Conclusion: On the basis of these results, it can be concluded that S. mansoni infection is an important health problem among school children of Merbmieti contributing to the transmission of the disease in the community. Hence, integrated control programme including periodic deworming, improving sanitation, provision of safe water supply are needed to have a lasting impact on transmission of S. mansoni.

Keywords

Current status; S.mansoni; Microdam; Ethiopia

Introduction

Schistosomiasis is one of the most widely spread parasitic infections. It occurs in tropical and subtropical developing countries with an estimated 200 million people infected and over 600 million people at risk of infection worldwide [1,2]. Three species; Schistosoma haematobiumS. japonicum, and S. mansoni cause the bulk of an estimated global burden of 4.5 million disability-adjusted life years, and approximately 85% of them are concentrated in sub-Saharan Africa where the bulk of the at-risk population resides [2-4]. School age children are at particular risk of morbidity caused by schistosomiasis because infections during childhood cause growth retardation, anemia, and can lead to cognitive impairment and memory deficits [5].

Ethiopia is one of the endemic countries for Schistosoma mansoni. Many studies have shown that Schistosoma mansoni is widely distributed and have been recorded in all regions and the disease is spreading, and new transmission foci have been reported [6-9]. The increase in prevalence and spread of the disease in Ethiopia, as in other developing countries, is due to increasing water related projects, population migration and human behavior [1,9-12]. The number of people estimated to be exposed to S. mansoni is 18 million (6). The overall prevalence of S. mansoni ranges from 15-20% [13]. However, S. mansoni infection rates above 60% have been reported from endemic communities in different part of Ethiopia [9,14,15]. The disease is more prevalent and widely distributed in North, North West and Central region of the country [16].
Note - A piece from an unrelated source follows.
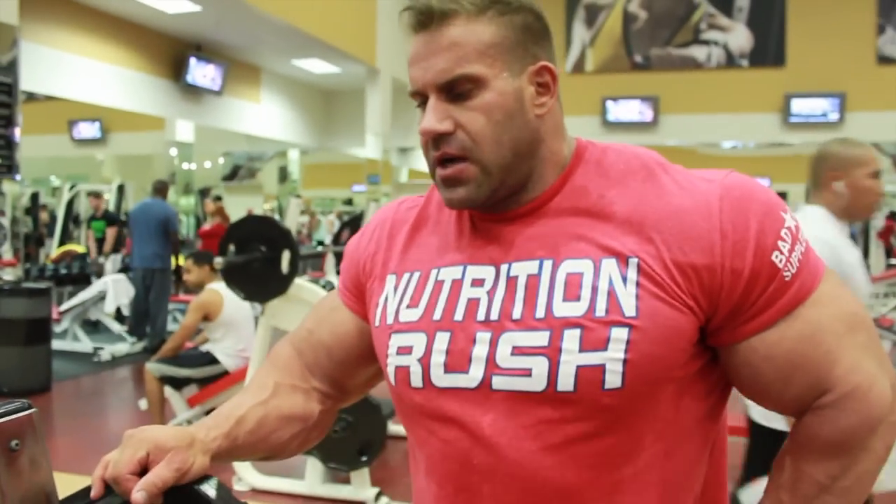Hi, four-time Mr. Olympia Jay Cutler here. We're training for another title, the Olympia, heading for five times.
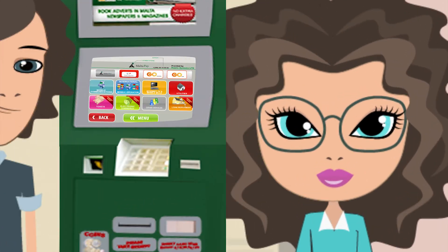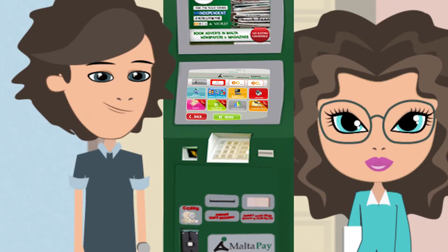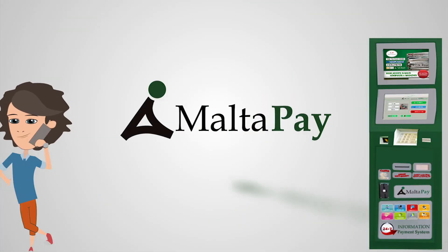The same way with bill payment, with little difference — you have to scan your bill barcode. It's so easy to use. MaltaPay. We value your time.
In Tigray region of Ethiopia, S. mansoni has been known to be endemic since the late 1960s, and water resource development expanded year to year which resulted in new foci of schistosomiasis. According to the 1992-1993 study report, there were 19 new foci of schistosomiasis identified and cases have been detected in 80% of the areas visited with an overall prevalence of 18.4% [9]. Community based study of schistosomiasis was made in Tigray region in relation to microdams in 1995. The overall prevalence was 39% corresponding to 48% in near dam villages and 30% in distant villages [11] and the prevalence of the study area was 8% [10]. Although an increasing emphasis on construction of dams (water based development) in the region is important in alleviation of poverty, such development program has the potential adverse effects on health creating a space for the spread of intestinal parasites like S. mansoni. Hence, the objective of the study was to assess the current status of S. mansoni in Hizaty Wedicheber microdam in Merebmieti.

Materials and Methods

Study area

The study was conducted in Merebmieti Primary school around Hizaty Wedicheber Microdam in Tigray Regional State, northern Ethiopia. Merebmiete Kebele is found in Enderata Wereda of Tigray Region, Northern Ethiopia located 755 km away from Addis Ababa(the capital of Ethiopia) and 25 km South of Mekelle(the capital city of the region). It is located at an altitude of 2271 meters above sea level. Based on the 2007 national census conducted by the Central Statistical Agency of Ethiopia (CSA), this woreda had a total population of 114,297 [17].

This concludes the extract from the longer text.